Task objective = Here the job is to return only the lines of the material, exactly, from the first one to the line with "Digicharge 8-tolline navigatsioonikott".
════
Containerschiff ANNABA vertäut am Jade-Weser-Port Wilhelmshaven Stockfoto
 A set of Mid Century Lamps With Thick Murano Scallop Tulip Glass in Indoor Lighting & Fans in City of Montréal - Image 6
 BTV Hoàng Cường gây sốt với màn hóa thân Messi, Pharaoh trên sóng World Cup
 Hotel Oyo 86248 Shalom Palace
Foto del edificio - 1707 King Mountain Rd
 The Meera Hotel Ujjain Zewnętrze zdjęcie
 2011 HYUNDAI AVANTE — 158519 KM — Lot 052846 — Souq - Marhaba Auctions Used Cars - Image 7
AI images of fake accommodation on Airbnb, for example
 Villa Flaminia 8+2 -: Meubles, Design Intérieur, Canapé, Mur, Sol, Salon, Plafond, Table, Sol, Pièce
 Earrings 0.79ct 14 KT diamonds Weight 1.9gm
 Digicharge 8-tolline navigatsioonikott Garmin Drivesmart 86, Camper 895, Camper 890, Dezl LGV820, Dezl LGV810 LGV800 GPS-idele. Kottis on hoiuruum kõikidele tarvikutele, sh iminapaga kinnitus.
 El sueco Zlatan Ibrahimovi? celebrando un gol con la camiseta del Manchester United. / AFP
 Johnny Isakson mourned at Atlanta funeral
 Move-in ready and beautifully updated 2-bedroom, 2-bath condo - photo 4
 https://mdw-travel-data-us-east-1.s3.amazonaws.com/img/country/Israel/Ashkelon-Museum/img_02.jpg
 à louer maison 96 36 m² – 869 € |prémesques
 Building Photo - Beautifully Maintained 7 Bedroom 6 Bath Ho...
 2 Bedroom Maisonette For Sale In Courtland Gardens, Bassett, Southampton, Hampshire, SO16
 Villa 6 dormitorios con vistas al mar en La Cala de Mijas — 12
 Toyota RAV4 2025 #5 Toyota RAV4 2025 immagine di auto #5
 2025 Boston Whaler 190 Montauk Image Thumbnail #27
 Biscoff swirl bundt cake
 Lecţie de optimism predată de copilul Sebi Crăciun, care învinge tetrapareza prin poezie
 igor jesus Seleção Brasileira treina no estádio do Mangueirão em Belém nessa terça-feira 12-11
════
Your response =
Containerschiff ANNABA vertäut am Jade-Weser-Port Wilhelmshaven Stockfoto
 A set of Mid Century Lamps With Thick Murano Scallop Tulip Glass in Indoor Lighting & Fans in City of Montréal - Image 6
 BTV Hoàng Cường gây sốt với màn hóa thân Messi, Pharaoh trên sóng World Cup
 Hotel Oyo 86248 Shalom Palace
Foto del edificio - 1707 King Mountain Rd
 The Meera Hotel Ujjain Zewnętrze zdjęcie
 2011 HYUNDAI AVANTE — 158519 KM — Lot 052846 — Souq - Marhaba Auctions Used Cars - Image 7
AI images of fake accommodation on Airbnb, for example
 Villa Flaminia 8+2 -: Meubles, Design Intérieur, Canapé, Mur, Sol, Salon, Plafond, Table, Sol, Pièce
 Earrings 0.79ct 14 KT diamonds Weight 1.9gm
 Digicharge 8-tolline navigatsioonikott Garmin Drivesmart 86, Camper 895, Camper 890, Dezl LGV820, Dezl LGV810 LGV800 GPS-idele. Kottis on hoiuruum kõikidele tarvikutele, sh iminapaga kinnitus.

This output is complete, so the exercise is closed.